At present, SVD has only released basic models. Players who want to experience SVD but suffer from insufficient hardware capabilities can go to HuggingFace to experience SVD’s “picture making video” function.

Enter the interface, drag in the picture on the left, and the generated video on the right. Click Advanced Options to select the seed number, control the amplitude of motion, adjust the frame rate, etc.
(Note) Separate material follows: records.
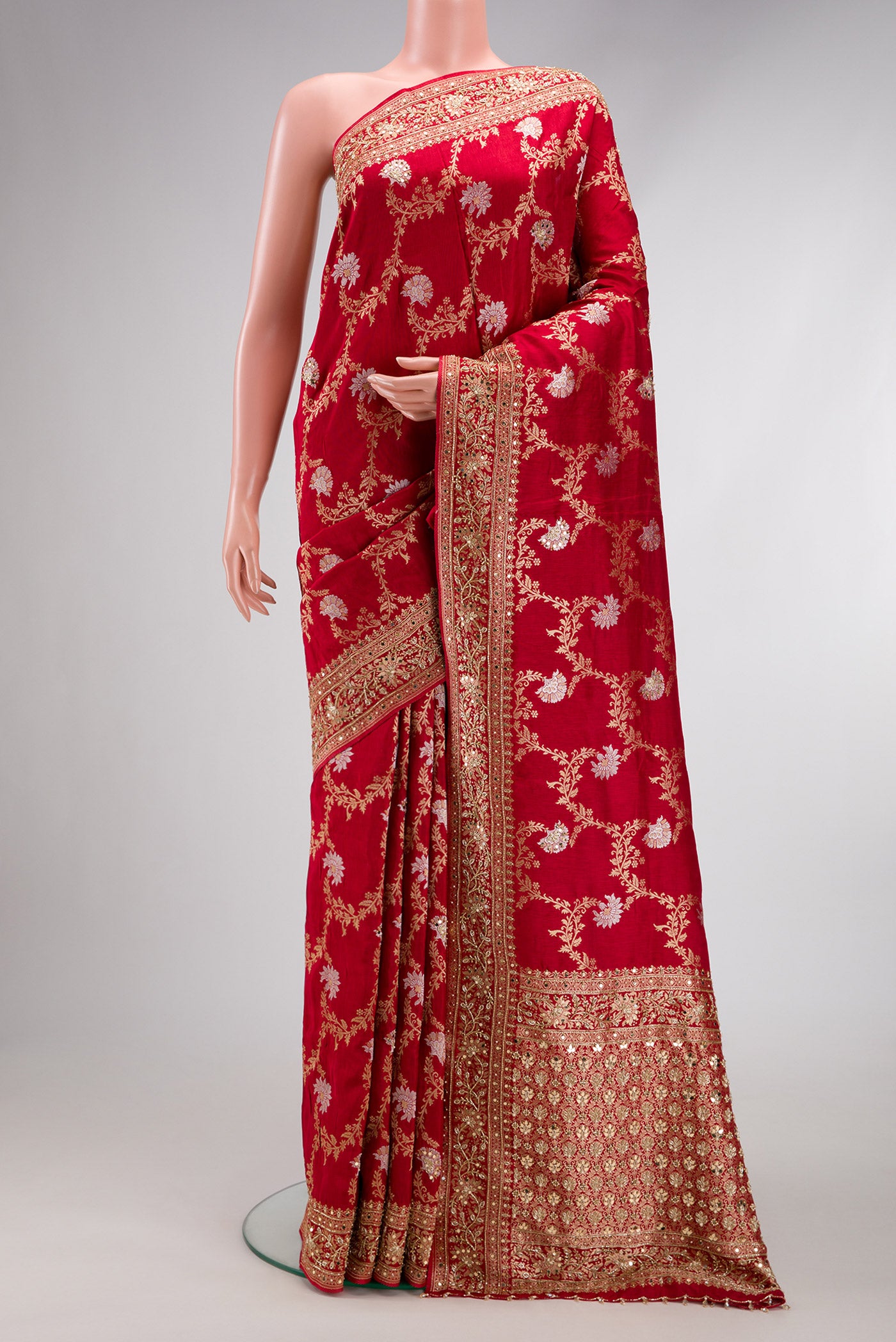 Red Dual Tone Georgette Saree with Zari Brocade on the body and Embroidery Border.  displayed on a mannequin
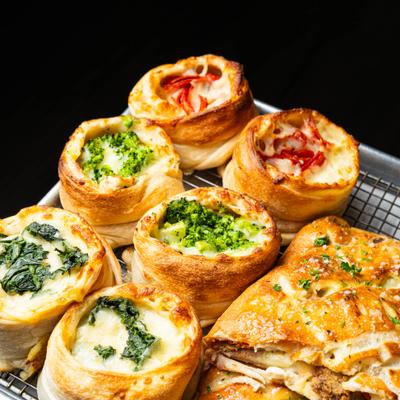 Tray of Veggie Stromboli filled with broccoli, spinach and eggplant.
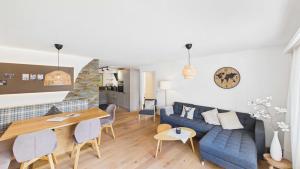 a living room with a blue couch and a table at Casa Terza - CharmingStay in Flumserberg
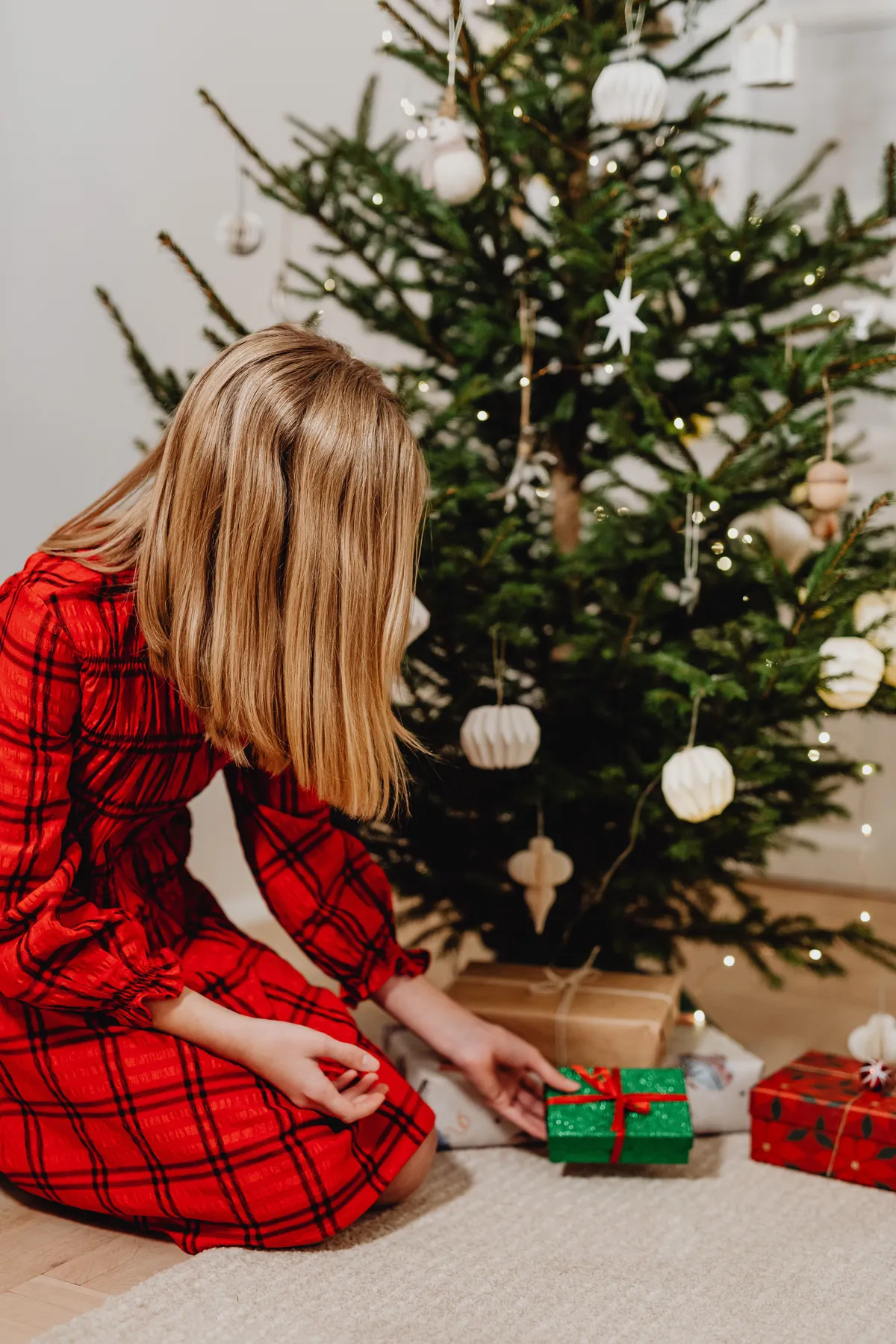 A woman in a red dress places presents under a decorated Christmas tree indoors.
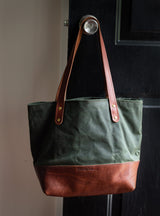 A green canvas and brown leather tote bag hangs from a doorknob.
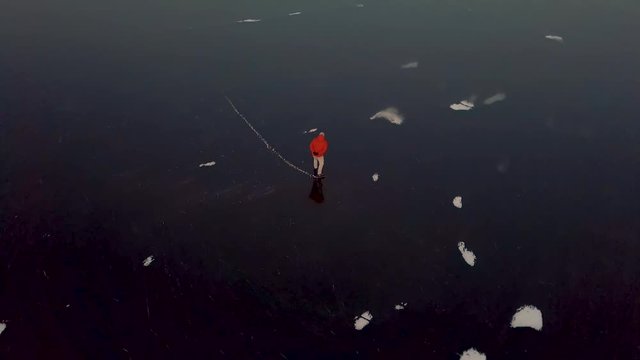 A man is skates on a natural frozen lake in the Netherlands.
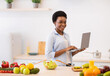 © Prostock-studio - African Lady Holding Laptop Browsing Recipes Cooking Dinner In Kitchen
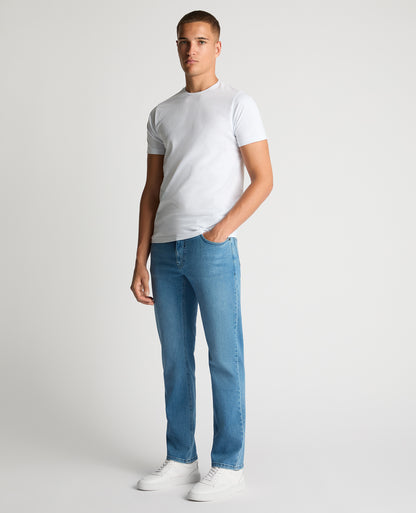 Man wearing a blue Rogan Straight Leg Eco Cotton-Stretch Jeans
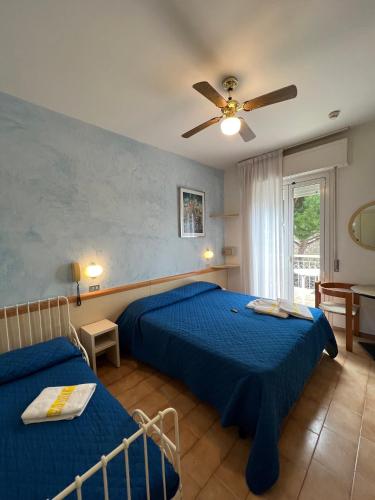 a bedroom with two beds and a ceiling fan at Hotel Villa dei Fiori - sul mare con piscina in Rimini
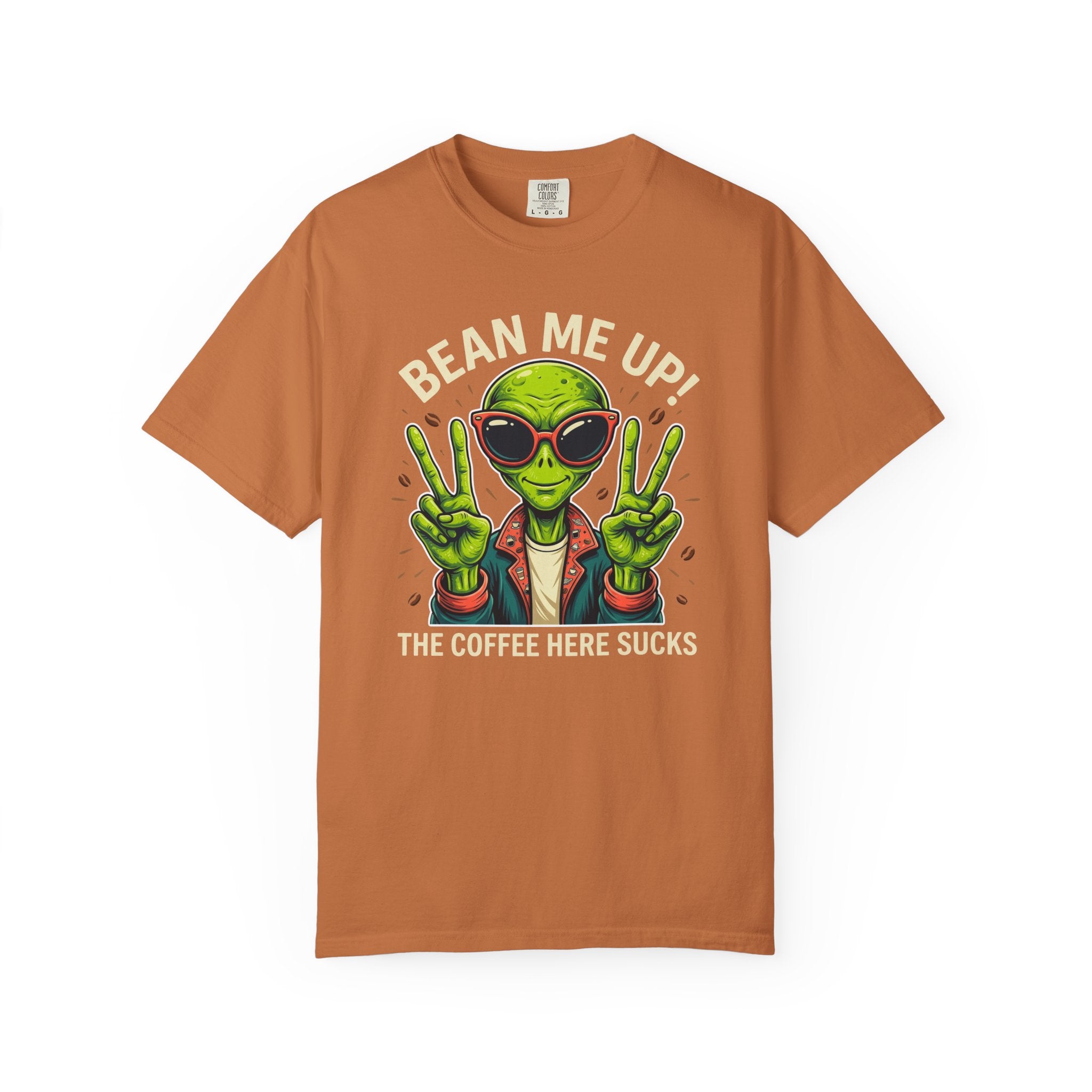 A rust-colored t-shirt featuring a green alien wearing sunglasses and making peace signs.
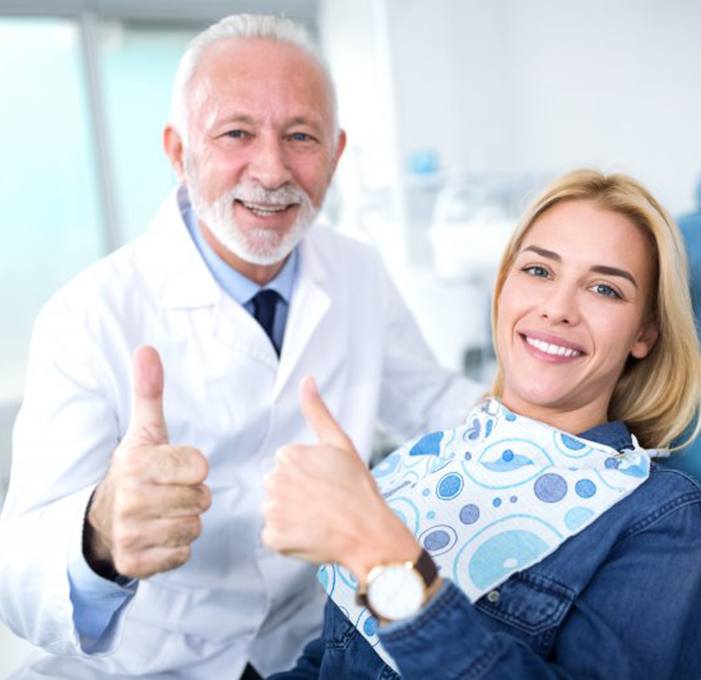 a patient speaking with her dentist about a dental plan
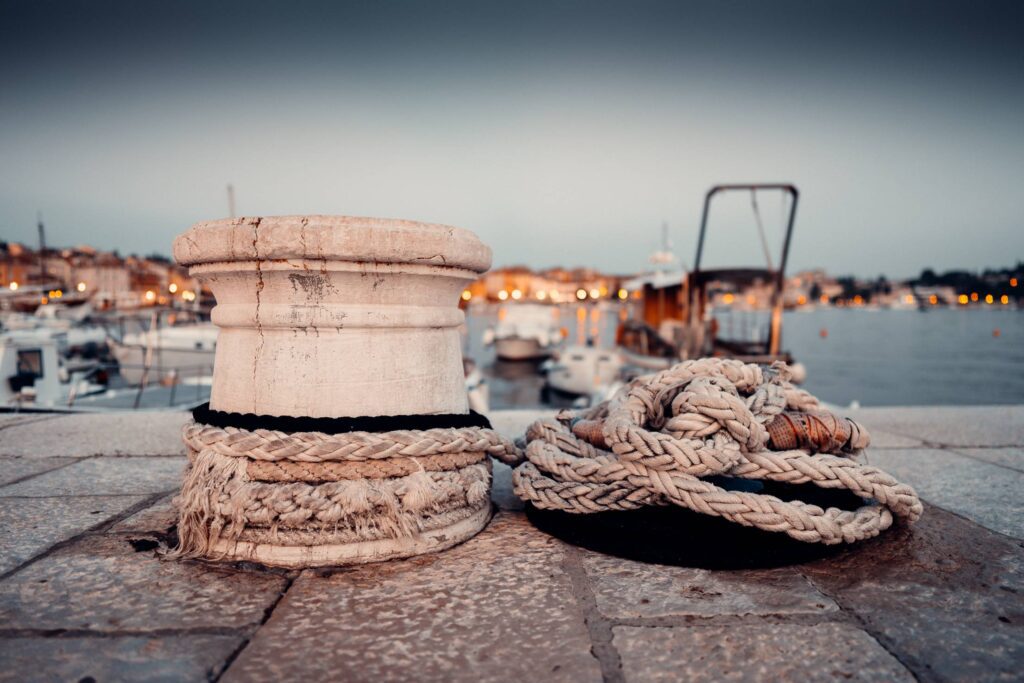 Old Marina Bollard with Ropes in Early Evening Free Photo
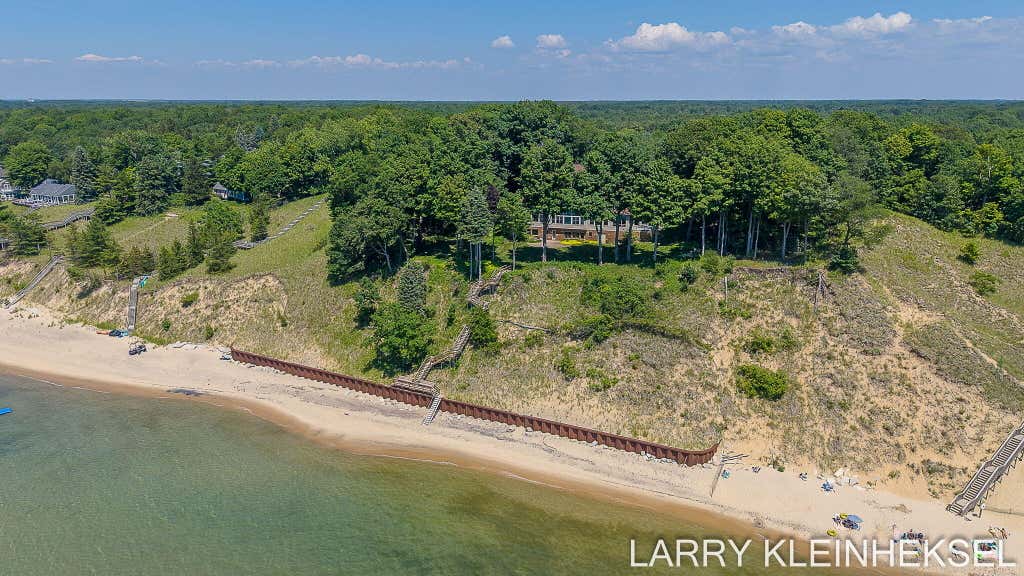 Photo of 5645 N Lakeshore Drive, Holland, MI 49424 (MLS # 26035155)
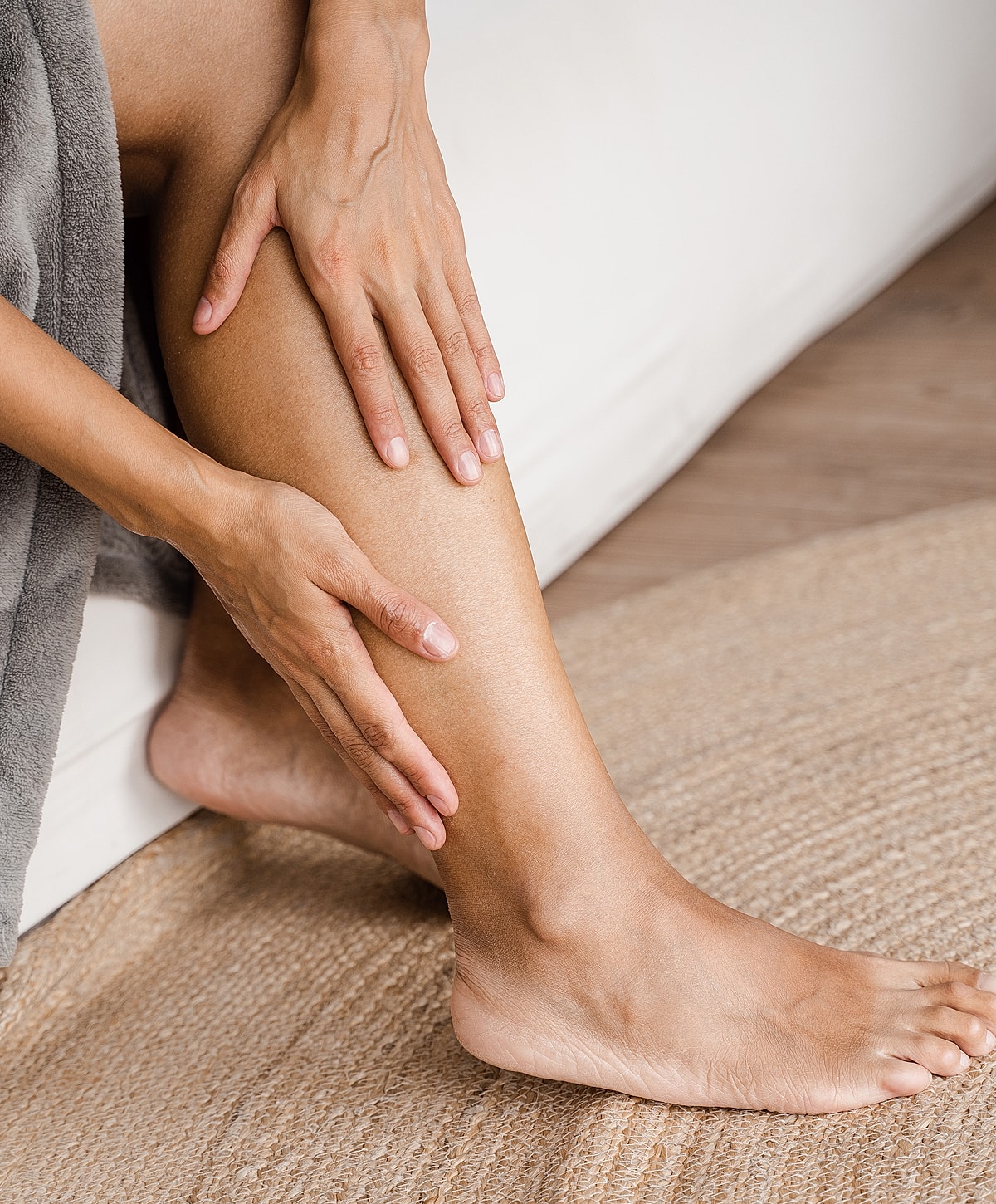 Model in brown swimwear posing confidently.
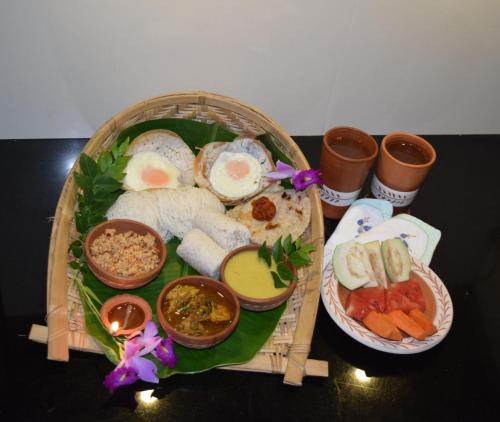 a tray of food with eggs and other foods on it at Muthu Nila villas- Mirissa in Mirissa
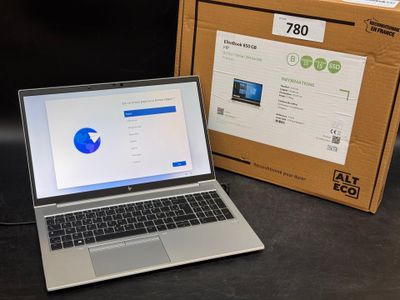 un ordinateur portable posé à côté d'une boîte sur une table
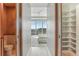 Open doorway view into the bedroom with light hardwood floors and large windows with city views at 1209 E Cumberland Ave # 2802, Tampa, FL 33602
After setting, click "Generate" to generate the video.

640 (2).png

A battle between AI video generation tools

In the past half year, AI video generation tools have undergone a wave of intensive upgrades.

In July 2023, the "dark horse" Pika labs began internal testing. Users can generate videos by entering text commands through the chat box. Then Pika Labs also launched the function of "pictures and text to generate videos", and the effect was once praised as comparable to Runway.

In October, the start-up Moonvalley shifted from AI image/text generation to AI video generation, launching what it calls "the most powerful video generation AI in history", which can generate 16:9 movie-quality high-definition videos with just one prompt.

640 (16).gif

At the end of October, Genmo released version 0.2 of Replay, which launched the function of converting pictures to videos and increased the resolution by 2.7 times.

640 (17).gif

During the same period, the open source framework AnimateDiff became popular on the Internet and was favored for its high controllability and high quality of generated animated videos.

The AnimateDiff team also updates frequently. From the beginning, it could only generate 16 frames of animation. After the V2 version was updated in September, it could generate 32 frames of animation at a time, which greatly improved the quality of animation generation. LoRA lens control function was also launched later, helping users obtain more accurate generation effects.

640 (3).png

Entering November, Runway launched a "milestone update", increasing the Gen-2 resolution to 4K and significantly improving video fidelity and consistency.

640 (19).gif

Last week, social media giant Meta launched two new AI video editing features that will soon be introduced to Instagram or Facebook. Among them, Emu Video can automatically generate four-second videos based on subtitles, images, text descriptions, etc.

640 (20).gif

Emu Edit allows users to modify or edit videos through text commands. Ordinary people without professional image editing experience can do post-production with just a few clicks.

Recently, Gen-2’s “movement brush” that allows you to draw wherever you want has also been officially launched.

640 (21).gif

Each company's pursuit of each other not only makes the product effects and user experience better and better, but also quietly changes every ordinary person's perception of video creation.

Nowadays, the entry of Stability AI makes people look forward to the future direction of AI video generation tools. Do you think making videos will be as easy as typing in the future?